Google recently announced that encrypted websites would contribute to minor quality signals for its algorithm. If you have a VPS or dedicated hosting, you can buy an SSL certificate from a certificate authority and install it on your server. This article explains how to generate a CSR and install an SSL certificate on your website domain.
If you keep up with SEO news, you probably heard that Google recently announced it would use encryption as a minor quality signal for its ranking algorithms. An SSL certificate provides the “HTTPS” functionality you need for taking encrypted customer information and payment processing. With Google’s new changes, website owners are buying certificates and adding them to their sites. If you have a dedicated server or a virtual private server (VPS), you can buy a third-party SSL certificate and install it yourself through Windows Internet Information Services (IIS). This article explains how to create a signing request and install it on your server.
Create the Certificate Signing Request (CSR)
The first step is to create a request. A request or CSR is a plain text file with an encryption key you then send to a certificate authority that sells you an SSL certificate. This key is what you use to encrypt data between your web server and the customer’s browser.
To create a CSR, open Windows IIS on your server. Click the server name in the left panel, and then click “Server Certificates.” In the right panel, click “Create Certificate Request.” A window opens that starts the CSR process.
Type the information you need in the text boxes displayed. Note that these values should match your actual company information. Most SSL certificate companies check this information and verify its accuracy. It’s also important that the domain and URL matches the domain that you’ll be using with the certificate. If you type the information incorrectly, the certificate authority will deny your request or SSL won’t work on your site.
Choose a bit length for the certificate and save the CSR to a text file. You’ll need this text file when you apply for your SSL certificate at any authority.
Install Your SSL Certificate on the Server
After you buy your SSL certificate, it’s time to install it on your server. The certificate authority you order the SSL from sends you a file that you use to install SSL on your server. You might have several domains configured on your Windows server, but you can only use the SSL certificate with the domain you entered when you generated the CSR.
Open Windows IIS again and click “Server Certificates.” Click “Complete Certificate Request” in the right panel. A window pops up asking for the CER file sent to you by the certificate authority. After you choose the CER file on your server, type the domain you’ll use with the file. Again, this domain must match what you used with the CSR. At this point, the SSL certificate is installed, but you must configure your site to use the SSL protocol.
Binding SSL to Your Site
Open your website in IIS and click “Bindings” in the right panel. By default, the HTTP protocol is bound to port 80, but you must add HTTPS and bind the protocol to port 443, which is the port used for SSL.

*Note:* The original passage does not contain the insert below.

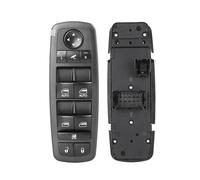 YUONUO Interruttore Pulsante per Finestra Elettrico Nero, 1 Via, 1 Pulsante, Normalmente Aperto/Chiuso, Plastica, Per Chrysler, Grand, Voyager 2008-2016, 4602536AE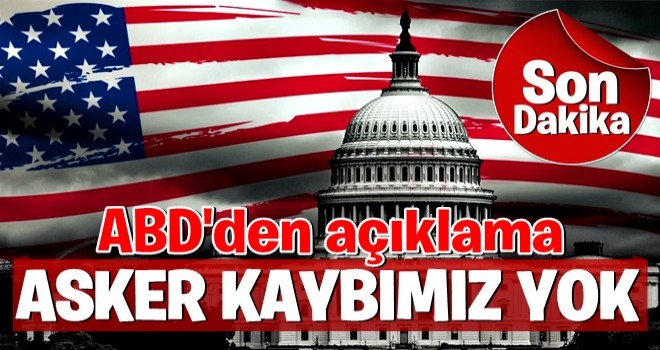 ABD'den İran'ın 80 askeri öldüğü iddiasına yalanlama geldi!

Click “Add” in the “Bindings” window and select “HTTPS” from the dropdown. Type your domain in the “SSL certificate” text box and ensure “443” is in the port text box. Choose “All Unassigned” in the IP address dropdown unless you have multiple IP addresses assigned to your server. If you have multiple IP addresses assigned and have different websites assigned to these IP addresses, choose the site’s IP address and click “OK” to save the changes.
At this point, your SSL certificate is configured and bound to your website. The last step is to test the certificate. Open a browser window and type your domain name with “HTTPS://” instead of using the HTTP prefix. Your site should open without any errors. The browser should also display a lock indicating that the HTTPS protocol and certificate are working properly (like the one shown for paypal in the image above).